WHAT YOU SHOULD DO
Return each line below exactly as it reads, and omit any image in it.

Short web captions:
-- -- --

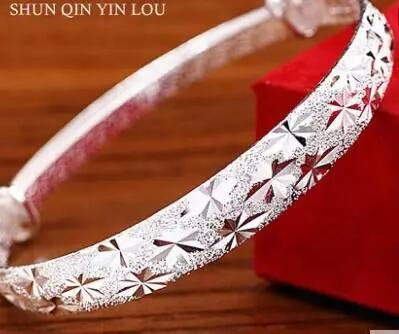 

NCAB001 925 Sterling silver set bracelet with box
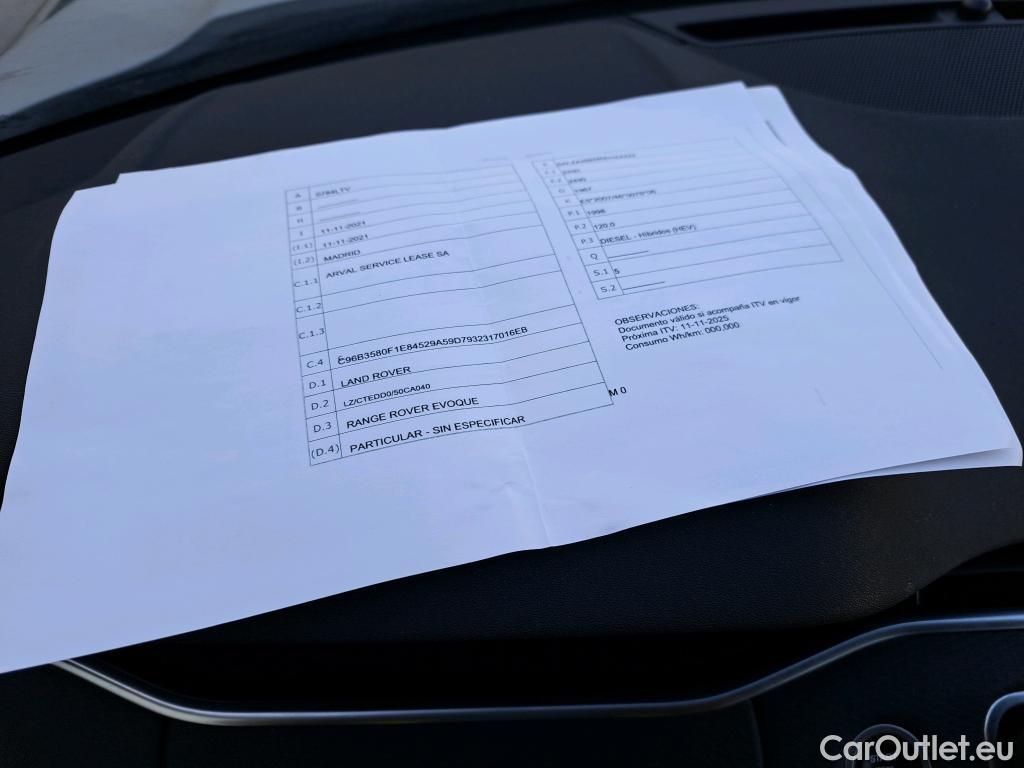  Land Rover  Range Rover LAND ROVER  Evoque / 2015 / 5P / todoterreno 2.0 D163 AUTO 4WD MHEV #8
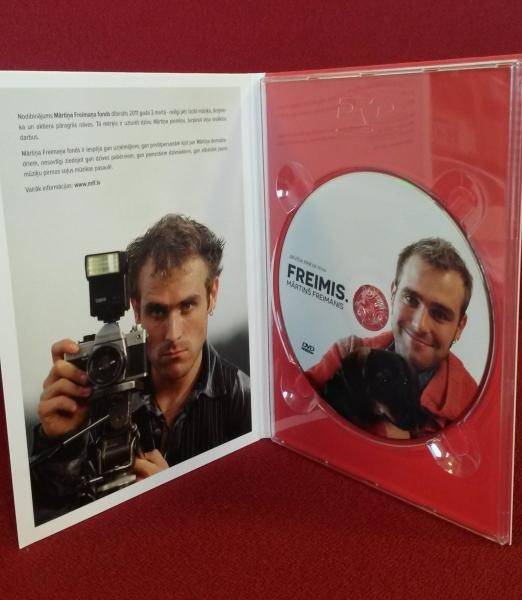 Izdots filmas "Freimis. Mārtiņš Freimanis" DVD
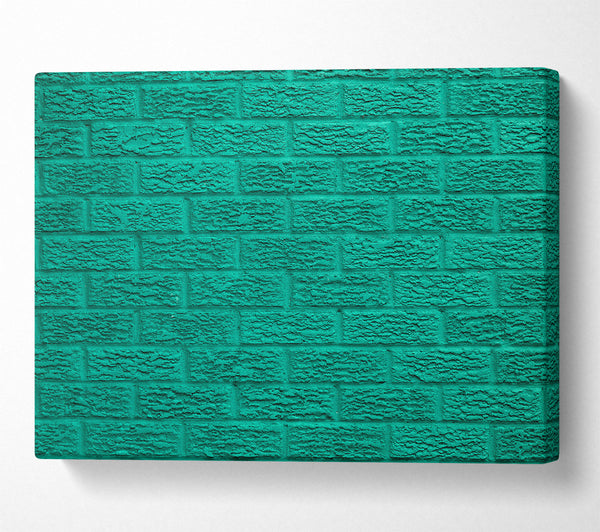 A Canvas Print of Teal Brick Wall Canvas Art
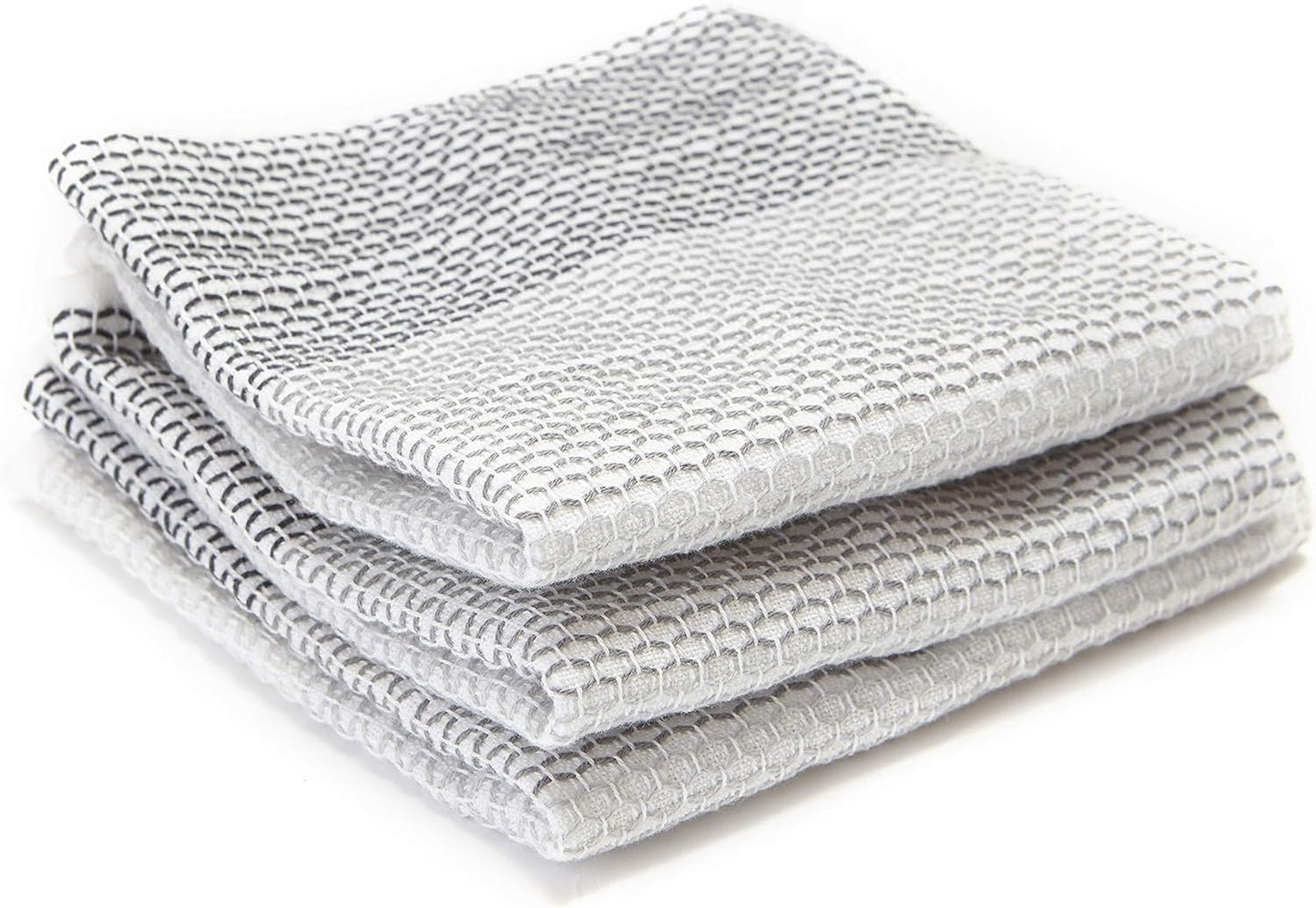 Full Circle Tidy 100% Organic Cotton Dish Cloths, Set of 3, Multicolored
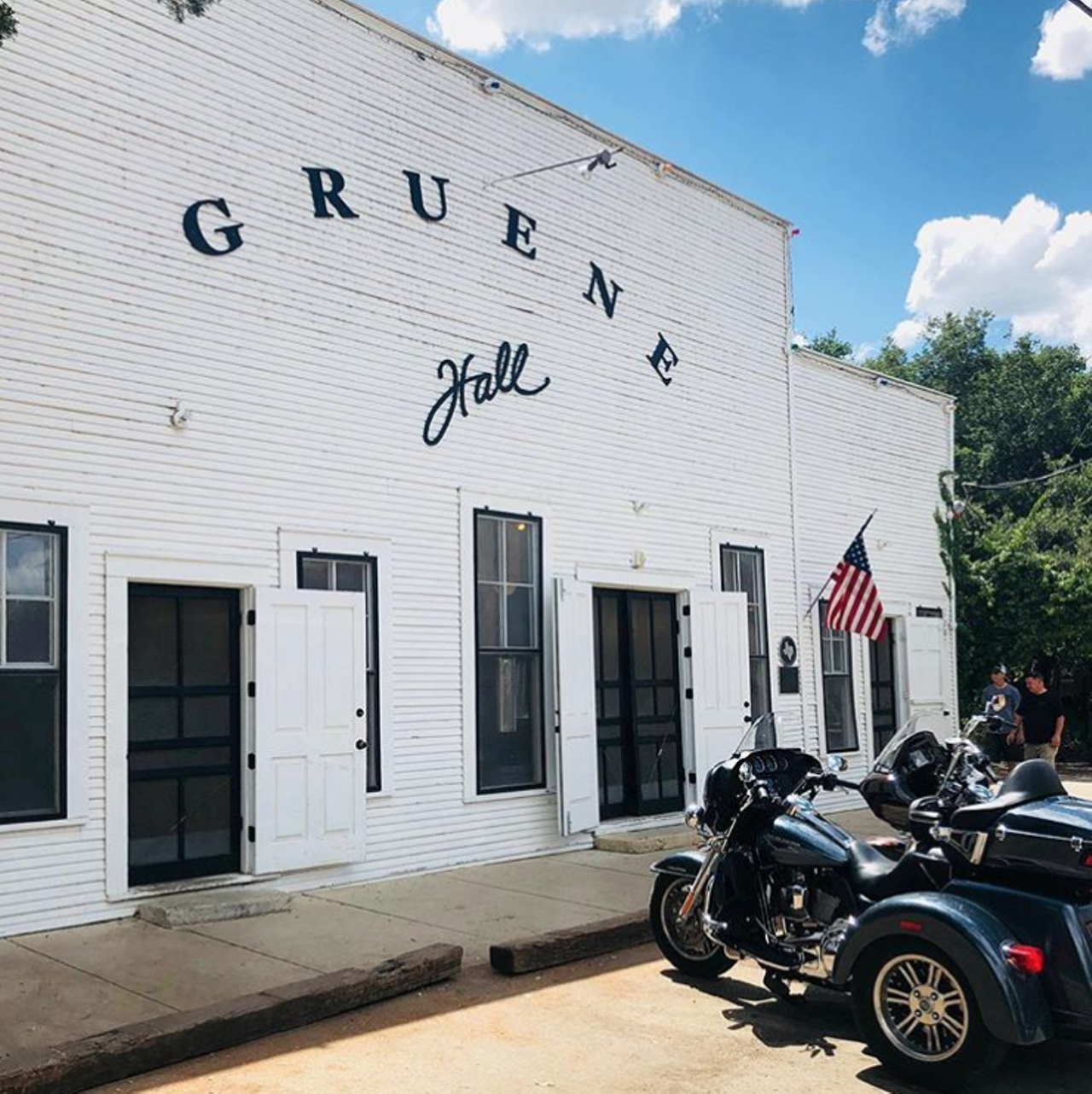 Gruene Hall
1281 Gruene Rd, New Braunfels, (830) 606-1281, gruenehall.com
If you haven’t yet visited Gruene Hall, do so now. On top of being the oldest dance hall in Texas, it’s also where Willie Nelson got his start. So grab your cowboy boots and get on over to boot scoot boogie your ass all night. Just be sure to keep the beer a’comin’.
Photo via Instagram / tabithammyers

-- -- --

EXERCISE SOLUTION
NCAB001 925 Sterling silver set bracelet with box
  Land Rover  Range Rover LAND ROVER  Evoque / 2015 / 5P / todoterreno 2.0 D163 AUTO 4WD MHEV #8
 Izdots filmas "Freimis. Mārtiņš Freimanis" DVD
 A Canvas Print of Teal Brick Wall Canvas Art
 Full Circle Tidy 100% Organic Cotton Dish Cloths, Set of 3, Multicolored
 Gruene Hall
1281 Gruene Rd, New Braunfels, (830) 606-1281, gruenehall.com
If you haven’t yet visited Gruene Hall, do so now. On top of being the oldest dance hall in Texas, it’s also where Willie Nelson got his start. So grab your cowboy boots and get on over to boot scoot boogie your ass all night. Just be sure to keep the beer a’comin’.
Photo via Instagram / tabithammyers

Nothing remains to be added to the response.